Judge Underhill refused the government’s plea to dismiss the charges against ICE agents and their supervisors, including Julie Myers ICE’s former agency head.
A group of law school interns and their bosses at Jerome N. Frank Legal Services Organization at the Yale Law School brought the lawsuit on behalf of the illegal aliens. The interns argued that the 11 suspected illegal aliens were unfairly treated based on race.
Recently retired ICE agent, John Sakelarides had plenty to say about another lawsuit benefitting illegal aliens.
"This suit is nothing more than a transparent and feeble attempt to scare ICE agents into refusing to enforce the immigration laws of this country. Can you spell intimidation? When it goes to trial, my guess is the agents will be exonerated and what should happen is that the government should seek fees for wasting taxpayer money in defending a baseless lawsuit,” Sakelarides said. “Extortion is still illegal in this country. The far reaching implications claim is a clear indication of what the intent of this lawsuit is, namely intimidation."

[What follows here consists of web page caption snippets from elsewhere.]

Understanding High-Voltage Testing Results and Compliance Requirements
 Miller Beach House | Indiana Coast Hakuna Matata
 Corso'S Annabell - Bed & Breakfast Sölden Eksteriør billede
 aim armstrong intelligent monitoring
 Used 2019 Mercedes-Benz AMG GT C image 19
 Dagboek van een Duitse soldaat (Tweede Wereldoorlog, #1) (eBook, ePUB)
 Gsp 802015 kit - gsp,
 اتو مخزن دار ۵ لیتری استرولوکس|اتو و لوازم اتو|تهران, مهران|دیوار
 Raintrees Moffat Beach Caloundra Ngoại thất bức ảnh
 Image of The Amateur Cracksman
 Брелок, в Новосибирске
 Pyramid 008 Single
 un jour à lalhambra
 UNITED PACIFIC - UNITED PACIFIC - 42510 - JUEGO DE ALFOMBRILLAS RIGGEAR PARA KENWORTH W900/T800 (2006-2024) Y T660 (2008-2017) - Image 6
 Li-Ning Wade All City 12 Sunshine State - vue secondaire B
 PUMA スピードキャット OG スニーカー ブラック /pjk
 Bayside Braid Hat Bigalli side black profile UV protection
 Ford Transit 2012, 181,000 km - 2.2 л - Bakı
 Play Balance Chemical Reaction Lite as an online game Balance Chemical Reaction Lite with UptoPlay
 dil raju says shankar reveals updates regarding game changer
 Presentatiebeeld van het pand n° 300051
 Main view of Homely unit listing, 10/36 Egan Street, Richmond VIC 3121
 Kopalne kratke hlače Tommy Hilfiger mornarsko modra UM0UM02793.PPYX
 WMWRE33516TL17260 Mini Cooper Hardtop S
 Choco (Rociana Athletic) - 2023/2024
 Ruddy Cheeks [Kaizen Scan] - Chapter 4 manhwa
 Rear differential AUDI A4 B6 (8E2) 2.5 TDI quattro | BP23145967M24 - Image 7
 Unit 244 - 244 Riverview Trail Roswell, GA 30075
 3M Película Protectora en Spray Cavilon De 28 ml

Sakelarides didn’t know if this lawsuit was being brought under the Federal Torts Claim Act (FTCA) or under a Bivens Action.
“I do know, from the past and unfortunately present, experience that suits are often filed under both but the law is clear that they cannot co-exist, there can only be either an FTCA claim or a Bivens Action. It centers on whether or not the federal employee was or was not acting within the scope of their authority,” he explained.
“This is borderline criminal. If the agents did something wrong, so be it. But if they didn't and this suit is being brought simply to induce a chilling effect on the enforcement of the immigration law, then these idealistic and naive law students and Yale Law School ought to be held accountable,” Sakelarides finished.
ICE officials declined to comment on the lawsuit.